Records for the task>
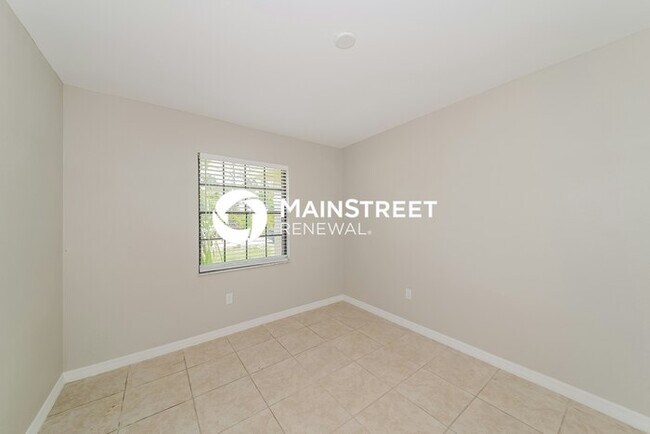 Building Photo - 3 Bedroom Pet-Friendly Home in North Port, FL with Main Street Renewal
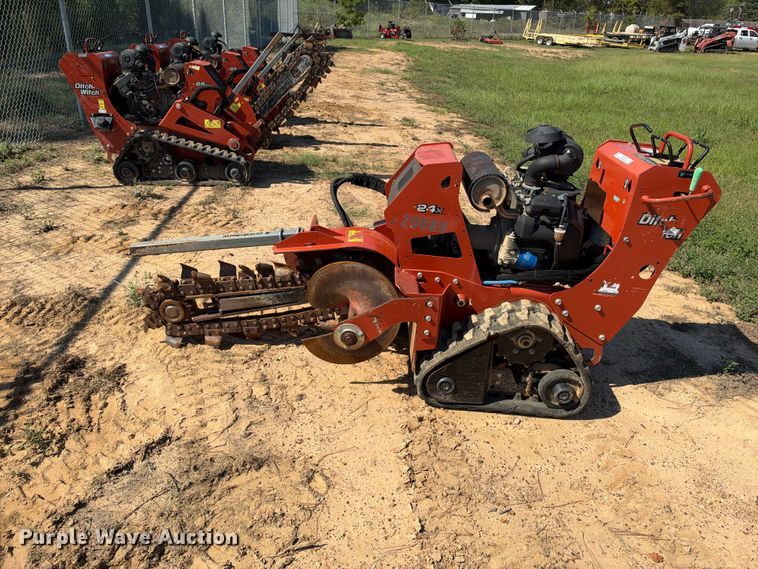 image for item ES8268 2018 Ditch Witch C24X trencher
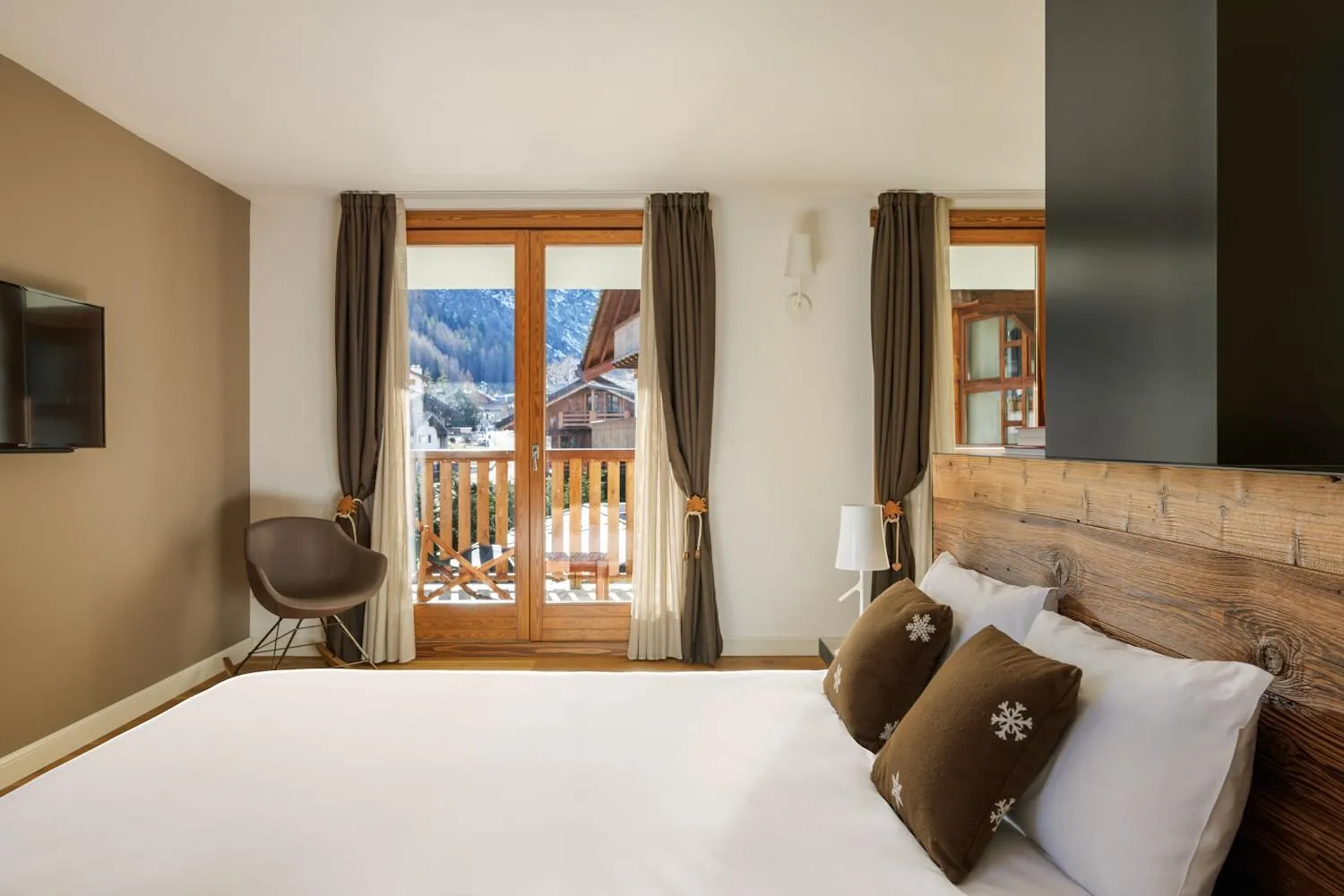 Junior Suite in Montana Lodge & Spa, by R Collection Hotels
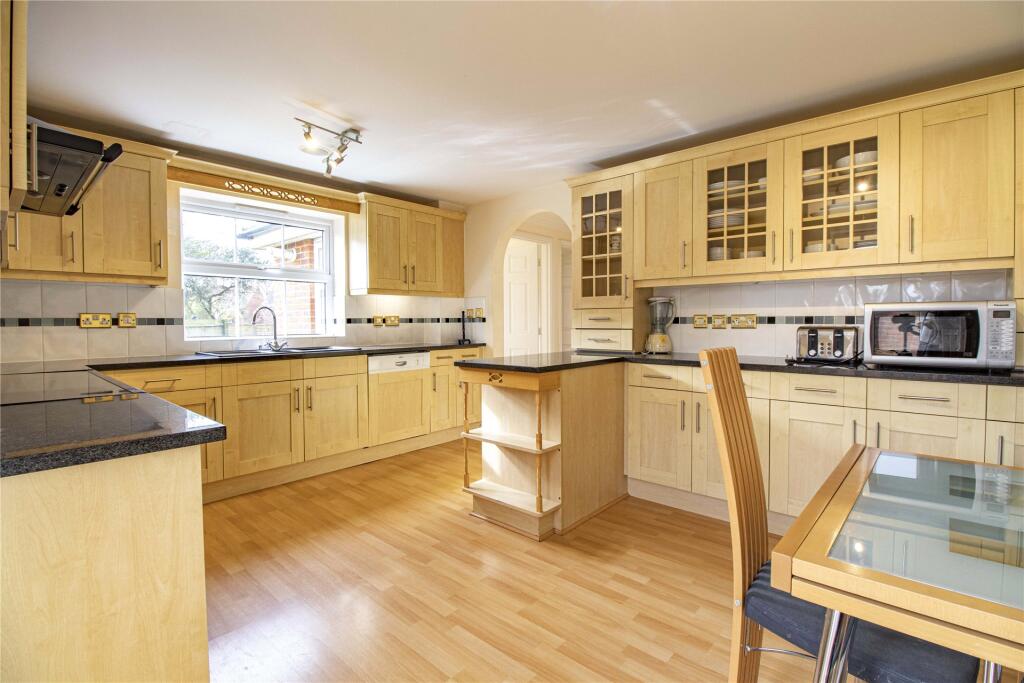 House in Reading, Arborfield and Newland - View 2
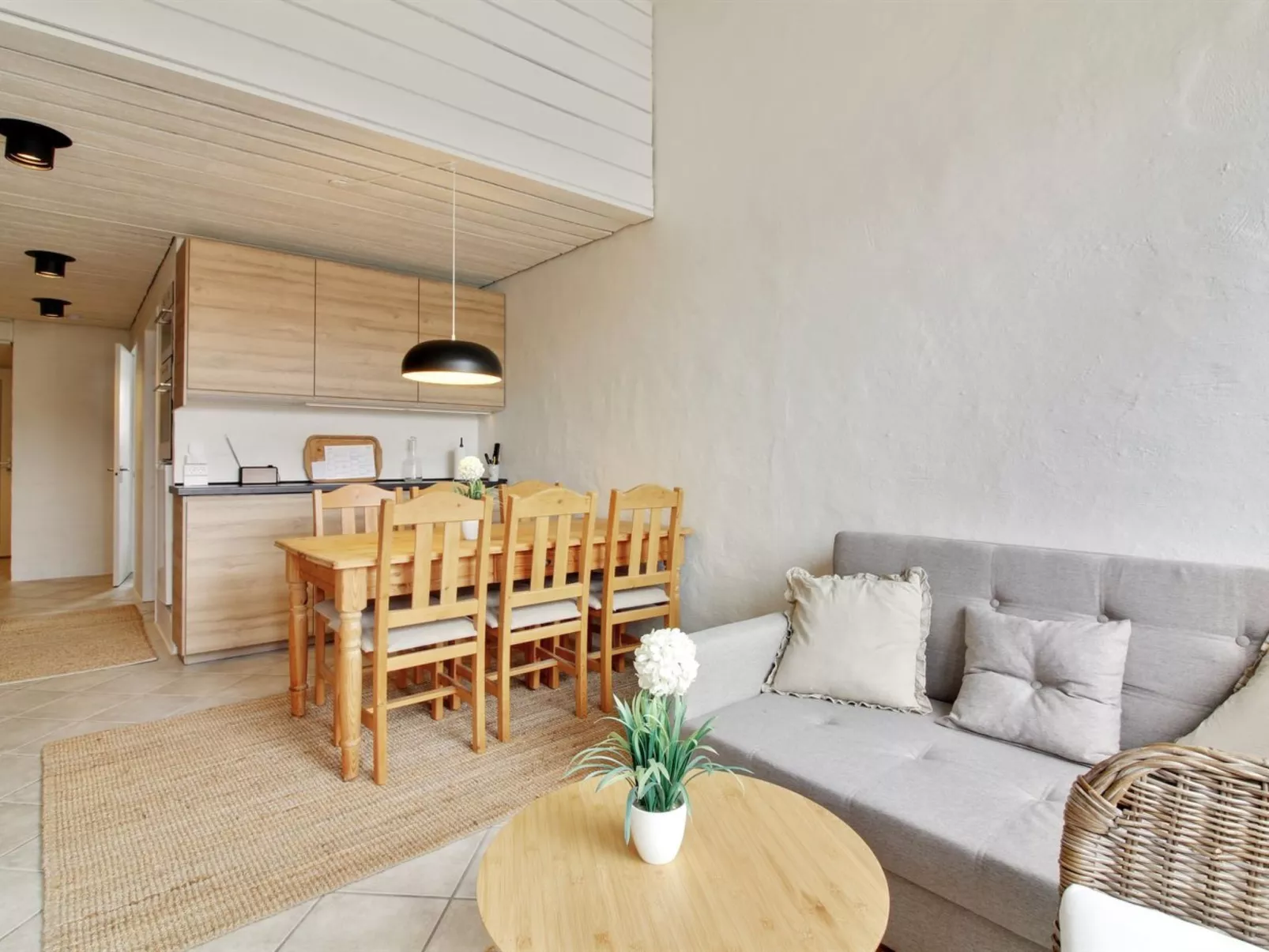 "Ulpu" - 500m from the sea - Binnen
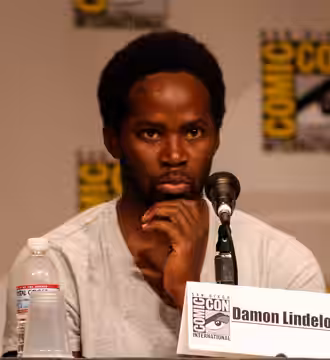 Harold Perrineau, Jr. at the Comic-Con LOST Panel.Harold Looks Serious! (2007)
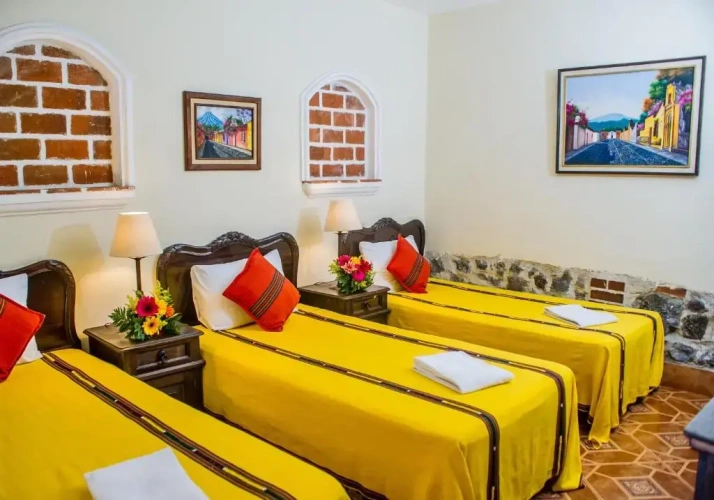 Standard Twin room with view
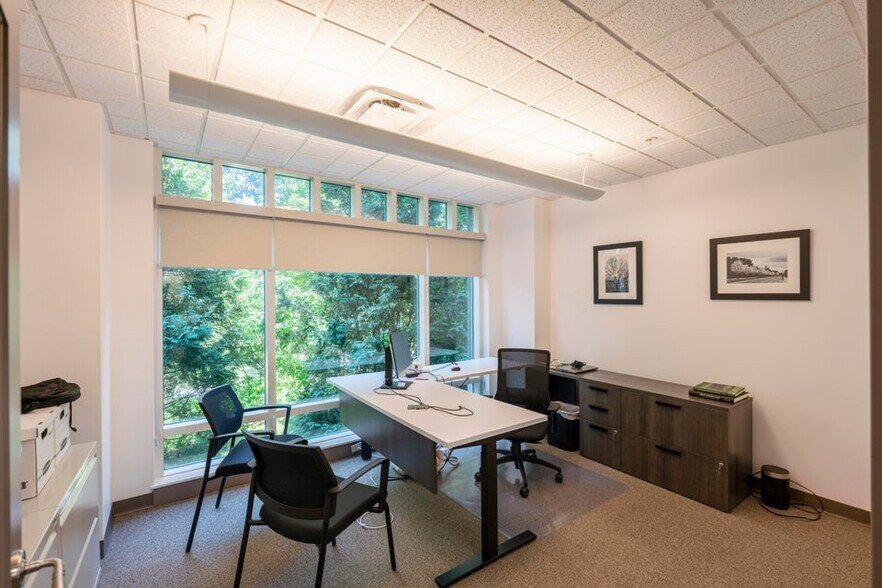 More Photos Of 262-268 Broadway, Saratoga Springs Office Residential For Sale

Task brief>
Starting with the opening line of the listing, write out each line exactly until the line that contains "Standard Twin room with view" has been included; skip the pictures.

Task answer>
 Building Photo - 3 Bedroom Pet-Friendly Home in North Port, FL with Main Street Renewal
 image for item ES8268 2018 Ditch Witch C24X trencher
 Junior Suite in Montana Lodge & Spa, by R Collection Hotels
 House in Reading, Arborfield and Newland - View 2
 "Ulpu" - 500m from the sea - Binnen
 Harold Perrineau, Jr. at the Comic-Con LOST Panel.Harold Looks Serious! (2007)
 Standard Twin room with view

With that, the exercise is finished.